Abstract

DDBJ ( http://www.ddbj.nig.ac.jp ) collected and released 1 880 115 entries or 1 134 086 245 bases in the period from July 2006 to June 2007. The released data contains the high-throughput cDNAs of cricket and high-quality draft genome of medaka among others. Our computer system has been upgraded since March 2007. Another new aspect is an efficient data retrieval tool that has recently been equipped and served at DDBJ. It is called All-round Retrieval for Sequence and Annotation, which enables the user to search for keywords also in the Feature/Qualifier of the International Nucleotide Sequence Database Collaboration ( http://www.insdc.org/ ). We will also replace our home page with a more efficient one by the end of 2007.

INTRODUCTION

Through our service we have witnessed dramatic advancements in biology and the related areas in the past 20 or more years. For example, using genome sequence data for eubacteria, archaebacteria and eukaryotes, some authors constructed a tree of life, which is the phylogenetic tree of the three super-kingdoms ( 1 , 2 ). Others reported a way to predict the number of genes at least in the bacterial world ( 3 ). The dramatic advancements prove our simple idea that the more data we collect and serve the more people make use of it for various purposes.

On the other hand, the recent development of sequencing machines such as 454 (by 454 Life Sciences), Solexa (by Illumina, Inc.) and SOLiD (by Applied Biosystems) makes us worrisome as well. According to some estimate, 5–10 tera bases will be sequenced by Solexa at one sequencing facility in a month in the near future. With the further development of the sequencing technology the whole genome of a person may repeatedly be submitted in the near future, as few examples warn ( 4 ). To cope with the expected situation of sequencing genes and genomes, we have recently upgraded our computer system and installed an efficient keyword search tool. We think that the new computer and tool serve our data submitters and users better and make our job more effective and efficient.

In this article we will report on the data submissions to DDBJ in the past year, replacement of our computer system with an upgraded one, a new data retrieval tool and a new home page.

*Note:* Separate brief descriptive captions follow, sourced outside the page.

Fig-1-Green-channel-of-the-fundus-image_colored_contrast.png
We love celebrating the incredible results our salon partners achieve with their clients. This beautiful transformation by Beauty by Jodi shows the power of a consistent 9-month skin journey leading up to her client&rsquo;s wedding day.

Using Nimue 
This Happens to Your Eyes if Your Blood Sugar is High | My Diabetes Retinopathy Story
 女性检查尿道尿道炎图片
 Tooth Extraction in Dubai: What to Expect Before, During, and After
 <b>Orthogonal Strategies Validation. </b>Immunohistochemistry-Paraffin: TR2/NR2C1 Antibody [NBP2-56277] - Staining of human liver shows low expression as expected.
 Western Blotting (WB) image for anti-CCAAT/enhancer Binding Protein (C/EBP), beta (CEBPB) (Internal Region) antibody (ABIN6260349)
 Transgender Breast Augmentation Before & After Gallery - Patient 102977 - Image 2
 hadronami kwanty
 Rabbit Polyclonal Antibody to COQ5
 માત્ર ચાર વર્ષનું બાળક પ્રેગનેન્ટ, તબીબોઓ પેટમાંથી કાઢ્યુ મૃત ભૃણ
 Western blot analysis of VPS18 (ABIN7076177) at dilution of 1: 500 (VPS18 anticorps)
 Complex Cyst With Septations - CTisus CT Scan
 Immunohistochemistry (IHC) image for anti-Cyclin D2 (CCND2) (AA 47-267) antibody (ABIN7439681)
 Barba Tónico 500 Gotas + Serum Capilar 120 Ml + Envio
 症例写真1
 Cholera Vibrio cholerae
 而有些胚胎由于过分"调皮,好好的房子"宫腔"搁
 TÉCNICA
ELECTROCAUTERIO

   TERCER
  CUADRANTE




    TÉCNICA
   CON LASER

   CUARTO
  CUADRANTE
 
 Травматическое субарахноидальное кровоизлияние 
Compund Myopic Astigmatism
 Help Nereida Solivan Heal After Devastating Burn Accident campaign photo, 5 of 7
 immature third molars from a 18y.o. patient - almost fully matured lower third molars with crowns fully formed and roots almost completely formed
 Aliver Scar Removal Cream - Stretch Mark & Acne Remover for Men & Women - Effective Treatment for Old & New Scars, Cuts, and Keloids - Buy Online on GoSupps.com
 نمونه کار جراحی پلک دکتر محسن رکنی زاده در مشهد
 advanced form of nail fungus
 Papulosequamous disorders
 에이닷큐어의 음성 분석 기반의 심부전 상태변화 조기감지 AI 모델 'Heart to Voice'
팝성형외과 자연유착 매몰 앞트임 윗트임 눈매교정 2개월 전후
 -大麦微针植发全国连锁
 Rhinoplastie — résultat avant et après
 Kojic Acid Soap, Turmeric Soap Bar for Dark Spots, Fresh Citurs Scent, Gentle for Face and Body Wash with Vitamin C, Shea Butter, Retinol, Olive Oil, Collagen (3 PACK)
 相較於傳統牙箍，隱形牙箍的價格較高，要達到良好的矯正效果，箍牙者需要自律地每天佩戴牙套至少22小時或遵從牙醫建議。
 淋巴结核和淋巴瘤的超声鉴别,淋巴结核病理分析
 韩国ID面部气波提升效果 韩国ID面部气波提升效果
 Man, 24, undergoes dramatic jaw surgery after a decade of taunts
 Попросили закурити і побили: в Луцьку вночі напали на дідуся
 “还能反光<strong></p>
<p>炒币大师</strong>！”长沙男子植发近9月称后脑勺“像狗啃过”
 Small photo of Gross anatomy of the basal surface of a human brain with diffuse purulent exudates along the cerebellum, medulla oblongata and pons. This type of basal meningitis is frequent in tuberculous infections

DATA SUBMISSIONS TO DDBJ IN THE LAST YEAR

In the period from July 2006 to June 2007, DDBJ collected and released the original data of 1 880 115 entries or 1 134 086 245 bases that were classified into the 19 International Nucleotide Sequence Database Collaboration (INSDC) divisions ( 5 ). More than 90% of the submissions came from Japanese researchers, and the rest were mainly from Chinese and Korean researchers.

The released data includes the high-throughput cDNAs (HTC) of cricket, Gryllus bimaculatus submitted from Tokushima University ( 6 ). The data amount is 32 010 entries that can be obtained through anonymous FTP with the file name, Gryllus_bimaculatus_HTC_070726_1.seq.gz. Also included is 700 Mb of the high-quality draft genome data of medaka, Oryzias latipes , which was submitted from University of Tokyo and National Institute of Genetics ( 7 ). The data was carefully assembled and upgraded from the WGS data that was reported in our previous paper ( 8 ). The given accession numbers are BAAF03000000 (Hd-rR, version 0.9), BAAF04000000 (Hd-rR, version 1.0) BAAE01000000 (HNI) and ACAAA0000001-ACAAA0356693 (5′ SAGE tags). Although draft genome sequences of two fugu (blowfish) species are available, the high-quality draft genome of medaka will be quite useful particularly for the study of vertebrate evolution. The submitters of the genome data discussed, for example, that the medaka genome preserved its ancestral karyotype for more than 300 million years ( 7 ).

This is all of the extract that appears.